To be honest those two ways of God communicating don’t require much faith. We’ve had the experience and we know what we feel at the end of it. But then comes the third way He communicates, personal prophecy. Unless you want to tear out the various New Testament references to personal prophecy, you’re stuck with it. Your only questions are likely to be, how does this work and how do I know it is God and not man’s ideas. Good questions. Can I answer by a statement and a testimony. First the statement: prophecy is when one person catches a word from God for another that encourages, comforts and builds up; for how it works see the next one in a moment or two. Second, the testimony: I could give you dozens upon dozens of illustrations of things that God has said to me or that I have had for others, that are basic fundamental comforting, strengthening and building (see 1 Cor 14), which have sometimes been predictive and have always been fulfilled. Dare you be open to the possibility.

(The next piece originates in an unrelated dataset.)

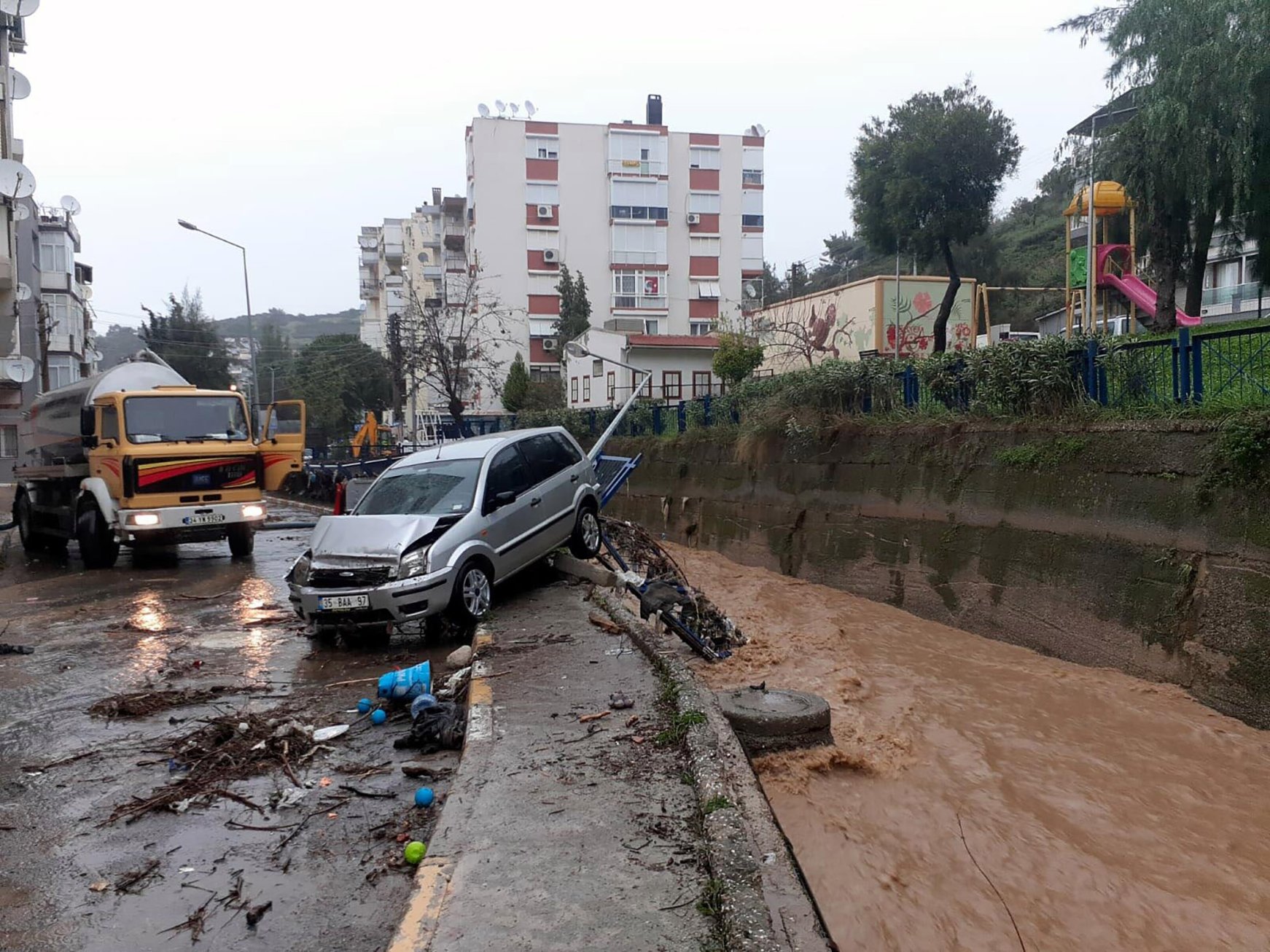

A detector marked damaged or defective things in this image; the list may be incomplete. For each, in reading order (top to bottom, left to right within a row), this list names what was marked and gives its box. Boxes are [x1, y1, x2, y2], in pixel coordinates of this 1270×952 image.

The final way that I am going to mention is a personal sense of words or a phrase or sentence or even a picture that comes into our mind out of the blue, but which has clarity of meaning and understanding about it. God’s Spirit communicates with our spirit through the receptor we call our mind. We think, we ‘see’, we imagine, we ‘hear’ in our mind. How do we know it is God? Does it bring clarity, does it bring us closer to Him, does it bring peace, does it bring hope, does it release faith? Those are all good signs that it was Him speaking to us. Who could say (read that list of questions again) that any of those things were bad? Even worse, for those foolish people who attribute good to Satan, would Satan bring those good things into your life so you walk more strongly with the Lord? (Jesus also had to counter the same thinking – Mt 12:24-28).
Zechariah struggled to believe what was happening and specifically what he was hearing. It is probable that he was set in his thinking about his life and he struggled to believe that it was God saying the amazing things that were being said to him when the angel said, “Do not be afraid, Zechariah; your prayer has been heard. Your wife Elizabeth will bear you a son, and you are to give him the name John.” This was God! Do not have the unbelief that Zechariah exhibited. Jesus often, it seems, chided his followers for their lack of faith. Don’t be one he has to chide.